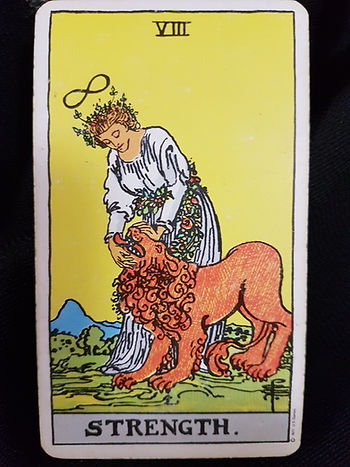 The Strength Card No 8 lynsreadings.com
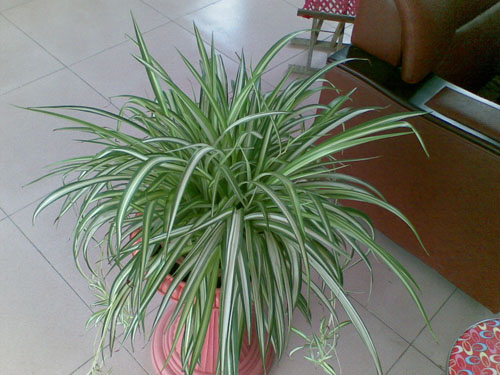 吊兰怎么养?吊兰的养殖方法和注意事项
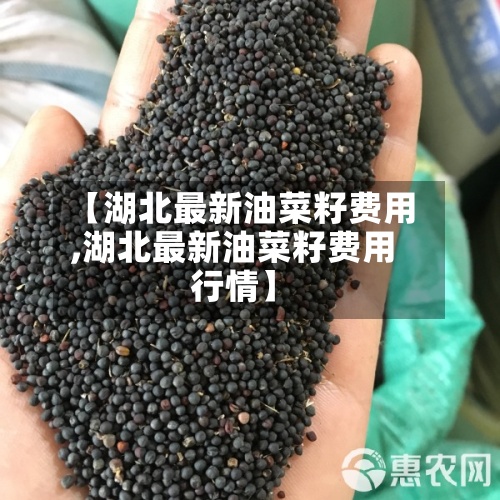 【湖北最新油菜籽费用,湖北最新油菜籽费用行情】-第2张图片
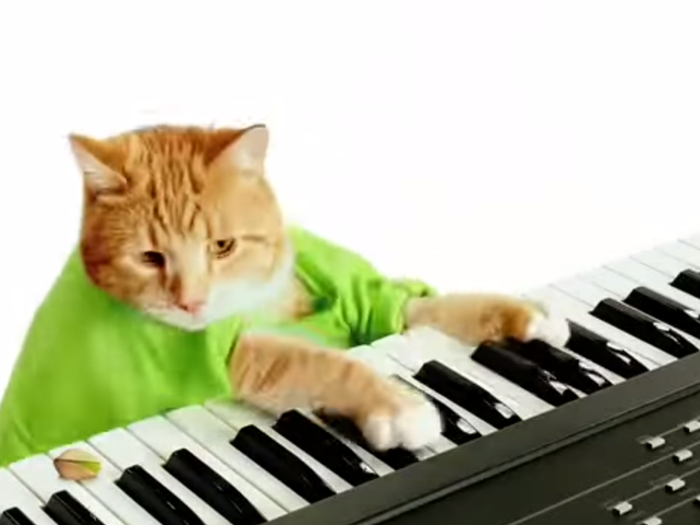 Keyboard Cat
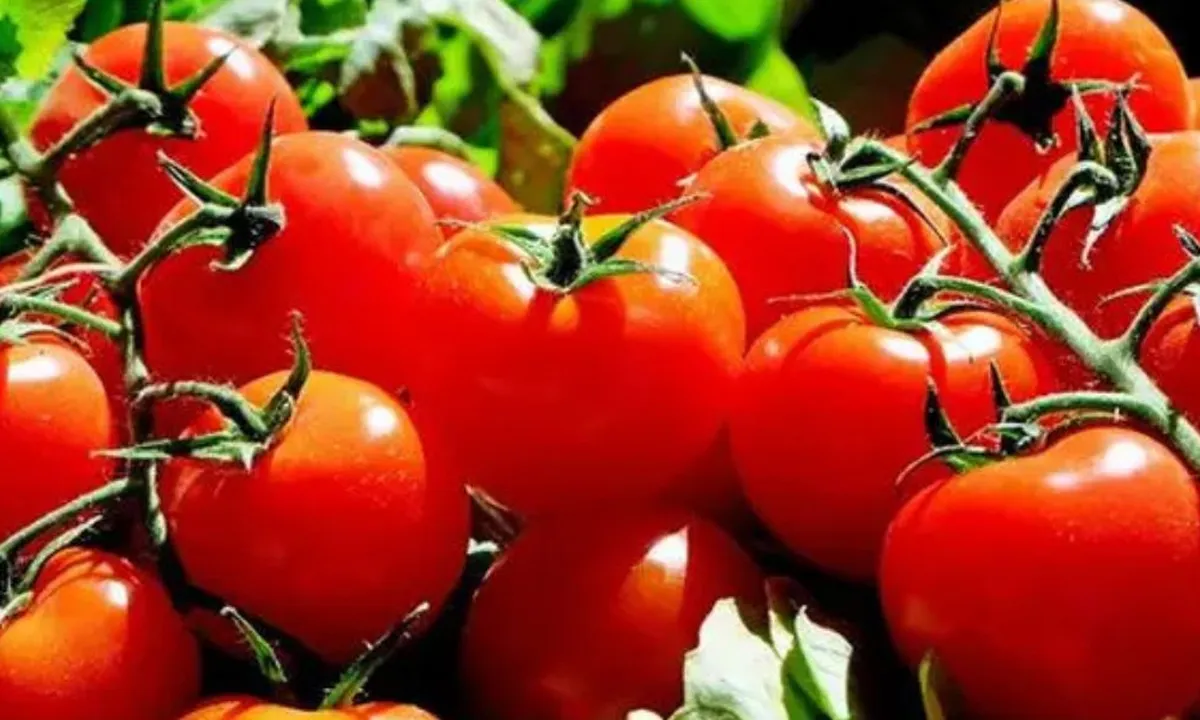 Manfaat Luar Biasa dari Sayur Tomat, Rahasia Alami Menurunkan Kolesterol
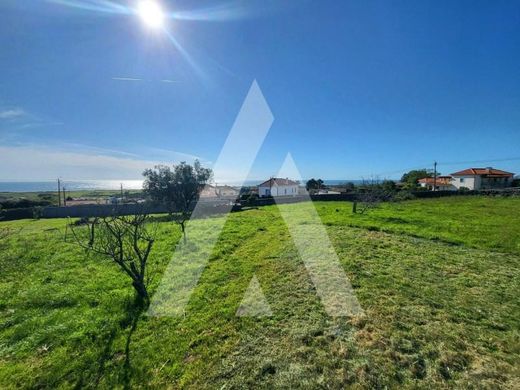 Arsa Viana do Castelo, Distrito de Viana do Castelo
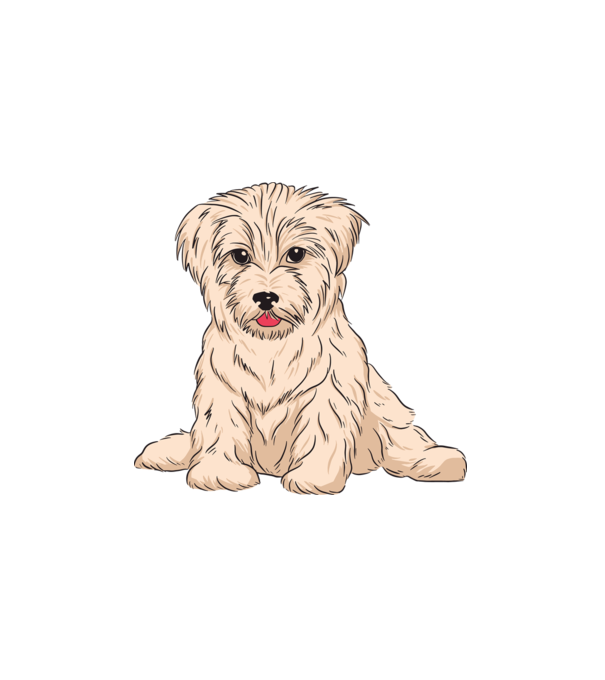 Havanese Kutya minta fehér pólón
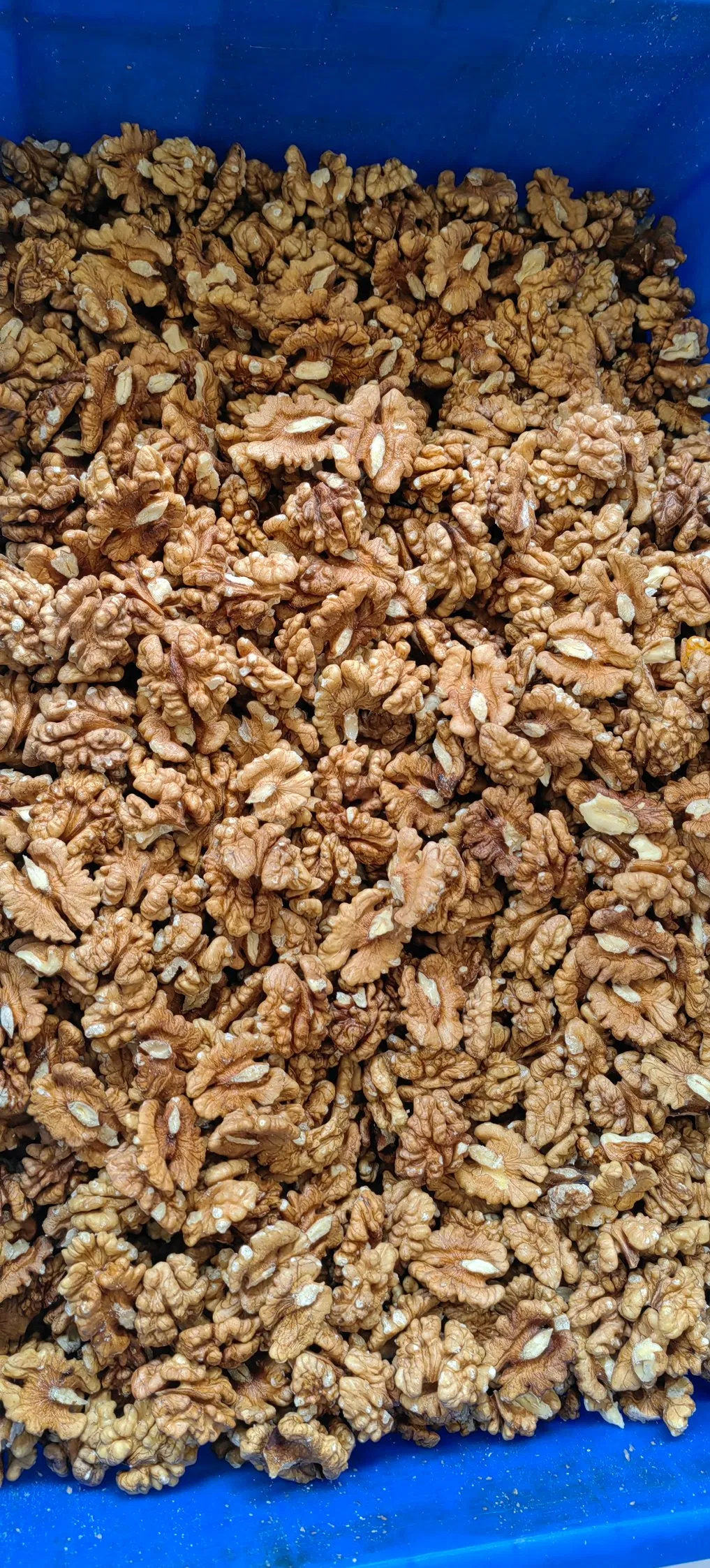بذور جوز مجففة - نصفي النواة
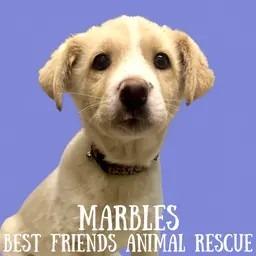 Marbles, a Adoptable mixed breed in Wasilla, AK image 4/5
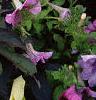 Ipomoea batatas 'Blackie', habit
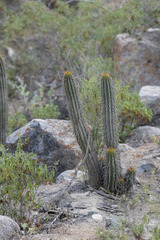 Haageocereus acranthus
- - -
YOUR INSTRUCTIONS
Once the pictures are removed, return the entries exactly as they stand.

RESULT OF THE TASK
 The Strength Card No 8 lynsreadings.com
 吊兰怎么养?吊兰的养殖方法和注意事项
 【湖北最新油菜籽费用,湖北最新油菜籽费用行情】-第2张图片
 Keyboard Cat
 Manfaat Luar Biasa dari Sayur Tomat, Rahasia Alami Menurunkan Kolesterol
 Arsa Viana do Castelo, Distrito de Viana do Castelo
 Havanese Kutya minta fehér pólón
بذور جوز مجففة - نصفي النواة
 Marbles, a Adoptable mixed breed in Wasilla, AK image 4/5
 Ipomoea batatas 'Blackie', habit
 Haageocereus acranthus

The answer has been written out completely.